The Obama Justice and Education Departments have strong-armed schools across the country to all but eliminate the suspension and expulsion of insubordinate students. The reason? Because black students are disciplined at higher rates than whites. According to Washington bureaucrats, such disproportionate suspensions can mean only one thing: teachers and administrators are racist.

The Obama administration rejects the proposition that black students are more likely to assault teachers or fight with other students in class. The so-called “school to prison” pipeline is a function of bias, not of behavior, they say.

People who claim that the disproportionate suspension rates are evidence of racism do a disservice to African-American kids, who deserve to learn in an orderly environment where serious trouble makers can be disciplined. They also overlook that a larger percentage of African American kids come from single-parent households and that this could be a factor in the lack of discipline that (before the Obama diktat) led to a disproportionate number of black students being suspended.

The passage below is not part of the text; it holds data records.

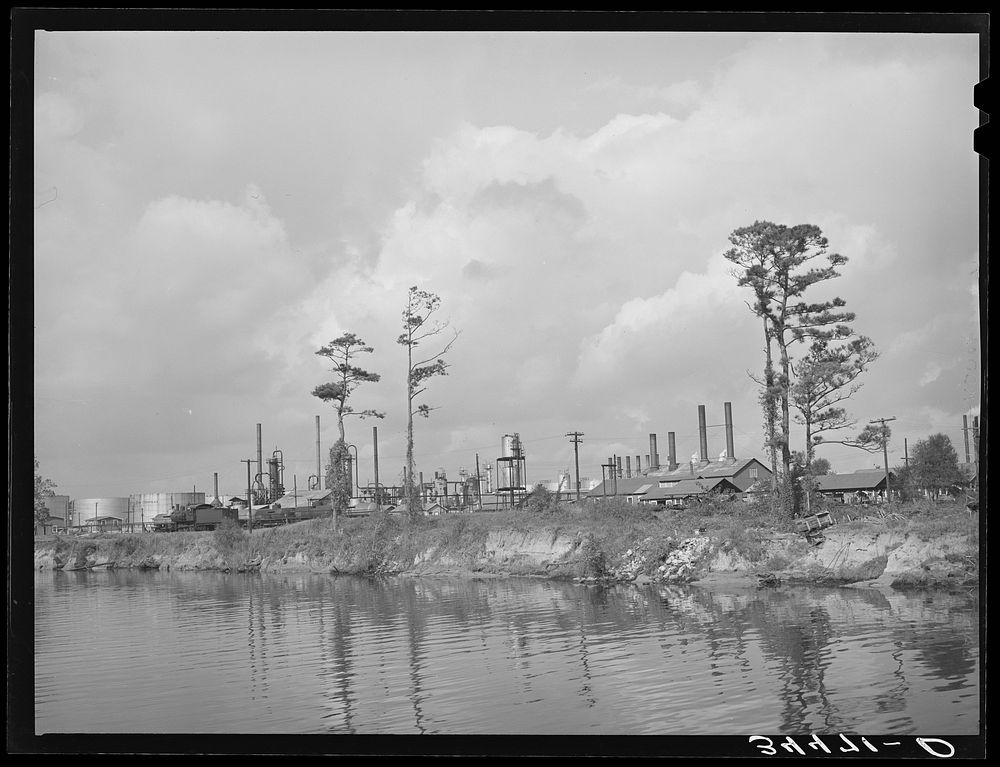 Oil refinery on the bank of the ship channel. Port of Houston, Texas by Russell Lee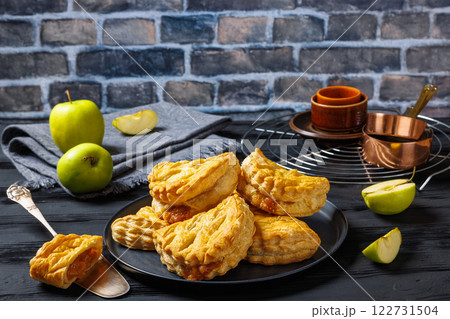 puff pastry apple turnovers on a plate 122731504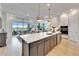 Bright, open-concept kitchen with a large island, pendant lighting, and a spacious living area at 5971 Hidden Branch Dr, Apollo Beach, FL 33572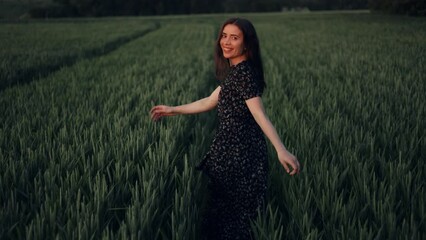 Wall Mural - A girl in a dress cheerfully runs through a field with ears of wheat. A young woman is running away turning around and smiling at the camera. A woman spends the summer in the village, farm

Mac Donald ties the "violence in the halls" to the "disorder in the malls" that we have seen in the last few weeks:

The idea that such street behavior does not have a classroom counterpart is ludicrous. Black males between the ages of 14 and 17 commit homicide at ten times the rate of white and Hispanic males of the same age. The lack of socialization that produces such a vast disparity in murder rates, as well as less lethal street violence, inevitably will show up in classroom behavior. Teens who react to a perceived insult on social media by trying to shoot the offender are not likely to restrain themselves in the classroom if they feel “disrespected” by a teacher or fellow students.

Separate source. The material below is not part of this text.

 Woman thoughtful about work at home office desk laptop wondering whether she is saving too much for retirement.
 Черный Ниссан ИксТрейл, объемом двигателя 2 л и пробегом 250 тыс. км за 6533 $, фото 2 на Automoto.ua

Interviews with teachers confirm the proposition that children from communities with high rates of family breakdown bring vast amounts of disruptive anger to school, especially girls.  It is no surprise that several of the Christmas riots began with fights between girls.  School officials in urban areas across the country set up security corridors manned by police officers at school dismissal times to avoid gang shootings. And yet, the Obama administration would have us believe that in the classroom, black students are no more likely to disrupt order than white students.

Equally preposterous is the claim that teachers and administrators are bigots. There is no more liberal a profession than teaching; education schools are one long indoctrination in white-privilege theory. And yet when these social-justice warriors get in the classroom, according to the Obama civil rights lawyers, they start wielding invidious double standards in discipline.

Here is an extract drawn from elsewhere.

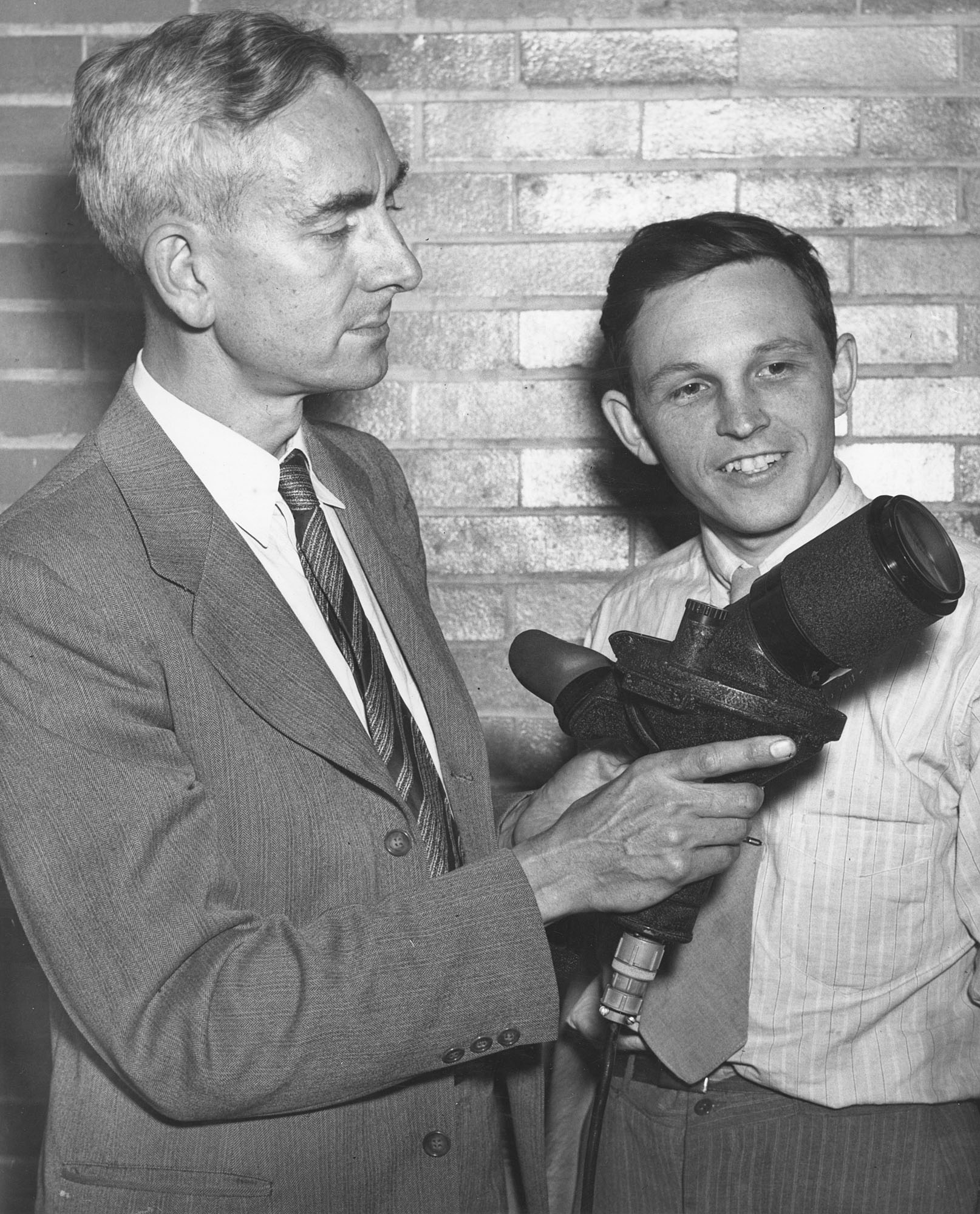 Institute of Optics Director Brian O’Brien (left) and Gordon Milne—a student at the time, later to become an Institute faculty member—looking at an Icaroscope, developed at the Institute. The device used phosphor to make the sun appear only 20 to 50 times brighter than the surrounding sky, compared to 10,000 times brighter to the naked eye. This helped antiaircraft gunners keep track of enemy planes diving with the full glare of the sun behind them. (University photo / Rare Books, Special Collections, and Preservation)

The other preposterous aspect of the Obama administration's war on school discipline is that (like most liberal and progressive programs) it hurts the very people in whose name it is pushed: low-income black kids who, unable to zip off to a private school, need what being able to learn in an orderly and congenial atmosphere can give them. Let's ask ourselves: wasn't it the Obama policy that was, in point of fact, actually racist?

Mac Donald argues that the incoming Trump administration must "tear up every guidance and mandate in the Justice and Education Departments that penalize school districts for disproportionate rates of school discipline." Only that way will kids be disciplined in school, allowing all the atmosphere in which to learn. And, disciplined in school, they are less likely to engage in dangerous activity on the streets.